¿Has experimentado alguna vez una sed de infinito? ¿Has sentido alguna vez en tu corazón el deseo ardiente de abrazar la inmensidad? ¿O tal vez has advertido en algún momento, en lo más íntimo de ti, la insatisfacción por todo lo que haces y por lo que eres?
Si es así, te gustará encontrar una fórmula que te dé la plenitud que anhelas: algo que no te deje sinsabores por los días que se van medio vacíos…
Hay una frase del Evangelio que nos deja pensando y que, apenas la comprendemos un poco, nos hace exultar de alegría. En ella está concentrado todo cuanto debemos hacer en la vida. Resume todas las leyes impresas por Dios en el fondo del corazón de cada hombre. Escúchala: Todo lo que deseen que los demás hagan por ustedes, háganlo por ellos: en esto consiste la Ley y los Profetas.
Esa frase se llama “la regla de oro”. La trajo Jesús, pero ya era conocida universalmente. El Antiguo Testamento la poseía, y es patrimonio de todas las grandes religiones mundiales. Eso denota la importancia que tiene para Dios: hasta qué punto Él quiere que todos los hombres la conviertan en norma de su vida. Cuando se lee es bonita y suena como un eslogan. Escúchala de nuevo:

«Todo lo que deseen que los demás hagan por ustedes, háganlo por ellos»

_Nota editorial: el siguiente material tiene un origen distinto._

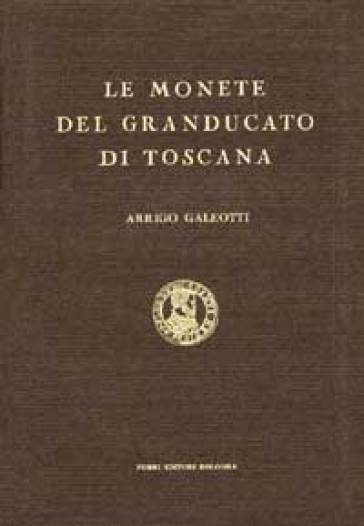 Le monete del Granducato di Toscana (rist. anast. 1930) - Arrigo Galeotti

Amemos así a cualquier prójimo –hombre o mujer– que encontremos durante el día.
Imaginémonos que estamos en su situación y tratémoslo como quisiéramos ser tratados nosotros en su lugar. La voz de Dios que habita dentro de nosotros nos sugerirá la expresión de amor adecuada para cualquier circunstancia.
¿Tiene hambre? Pensemos: soy yo quien lo tiene. Y démosle de comer. ¿Sufre injusticias? ¡Soy yo quien las sufre! ¿Está en la oscuridad o en la duda? Soy yo quien lo está. Digámosle palabras de consuelo y compartamos sus sufrimientos, y no nos quedemos tranquilos hasta que no esté iluminado y aliviado. Nosotros quisiéramos ser tratados así. ¿Es un discapacitado? Quiero amarlo hasta el punto de sentir en mi cuerpo y en mi corazón su limitación física, y el amor me sugerirá el modo exacto de actuar para que se sienta igual que los demás, es más, con una gracia mayor, porque los cristianos sabemos cuánto vale el dolor.
Y así con todos, sin discriminación alguna entre el simpático y el antipático, entre el joven y el anciano, entre el amigo y el enemigo, entre el compatriota y el extranjero, entre el lindo y el feo… El Evangelio quiere decir a todos.
Me parece oír un murmullo general… Comprendo… Quizá mis palabras parezcan simples, pero ¡qué transformación exigen! ¡Qué lejanas están de nuestro modo habitual de pensar y de actuar! Pero, ¡ánimo! Intentémoslo. Un día empleado de este modo vale una vida. Y por la noche ya no nos reconoceremos a nosotros mismos. Una alegría desconocida nos invadirá. Una fuerza nos investirá. Dios estará con nosotros, porque está con quienes aman. Los días se irán sucediendo con plenitud.
Quizás a veces aflojemos, estemos tentados de desanimarnos, de claudicar. Y desearíamos volver a la vida de antes… ¡Pero no! ¡Ánimo! Dios nos da la gracia.
Volvamos a empezar siempre. Si perseveramos, veremos cambiar lentamente el mundo a nuestro alrededor. Comprenderemos que el Evangelio contiene la vida más fascinante, enciende la luz en el mundo, da sabor a nuestra existencia, contiene el principio para resolver todos los problemas.
Y no estaremos tranquilos hasta que no comuniquemos nuestra extraordinaria experiencia a otros: a los amigos que puedan comprendernos, a los familiares, a todo aquél a quien nos sintamos impulsados a dársela.
Renacerá la esperanza.

«Todo lo que deseen que los demás hagan por ustedes, háganlo por ellos»

Chiara Lubich

Texto publicado en La doctrina espiritual, Buenos Aires, 2006, p. 162.